On this I think McLeary has it right, a two tier system would enable journalists to focus solely on what is important; reporting the news. so opinion and editorial pieces would not be required. This would mean that issues of bias and impartiality would not be as hotly debated as the bloggers would be the ones controlling the opinion side of the news.

Mainstream news still has a requirement to report news factually and correctly, invoking the five ideological values of Atkinson. There is still far too much unaccountability in the blogging world and too many agendas to ever say they can satisfy all the criteria of a completely free press. They can certainly be a major part of the media moving forward, especially with the attraction the youth have to the internet. What is required though, is that mainstream traditional television news retains the ideals it has long held.

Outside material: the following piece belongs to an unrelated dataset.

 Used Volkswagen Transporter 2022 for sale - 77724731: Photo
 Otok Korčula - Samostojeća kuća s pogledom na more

[1] http://www.guardian.co.uk/technology/2007/jul/20/news.newmedia.
[2] www.cjr.org/

3 comments:

WhiteBread said...

I'm not sure if there is a way for me to link to this but here is something Paul Harper wrote on the issue.

http://undergroundnetwork.wordpress.com/2008/04/13/i-read-it-on-a-blog/

Anonymous said...

Good article mate..

I would say that even with a purely hard news focus in the newsroom it is still impossible to be completely objective.

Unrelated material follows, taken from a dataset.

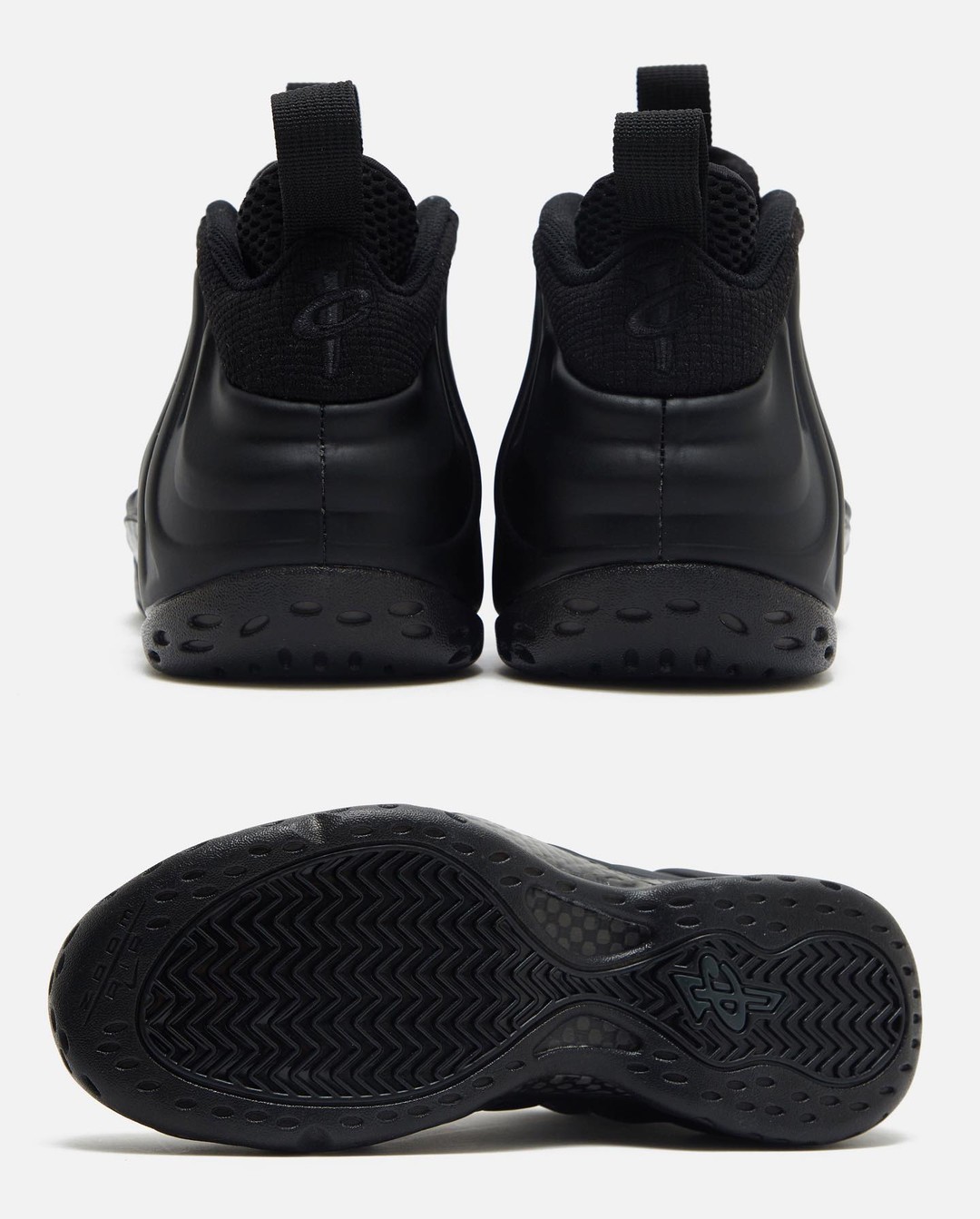 等不及了！Nike「黑武士喷」最新实物图曝光，即将年底回归！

The order of stories, the length of time column space they get and just which stories get chosen in the first place is all a subjective process and can reveal a lot about the political motives of a publication or television station.

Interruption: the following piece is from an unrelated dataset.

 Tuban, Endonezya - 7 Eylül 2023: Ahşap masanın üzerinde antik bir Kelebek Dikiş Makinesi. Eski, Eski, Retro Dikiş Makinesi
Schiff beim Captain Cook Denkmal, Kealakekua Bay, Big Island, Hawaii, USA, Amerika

The same can be said for investigative journalism.

James

undergroundnetwork said...

I certainly agree with the idea that news sites should take care of the hard 'impartial' news and blogs should be the realm of opinions and analysis. The internet then takes on a similar shape to that of newspapers. The blogs of well-known journalists and commentators are the editorials and opinion pieces, and the blogs of Joe Public are the letters to the editor. In the same way that these sections of a paper allow the public to air their opinions and concerns, blogs give the writer access to potentially thousands of readers.

James is right, though, in that even if internet news sites were to focus solely on hard news, impartiality is a still a difficult task.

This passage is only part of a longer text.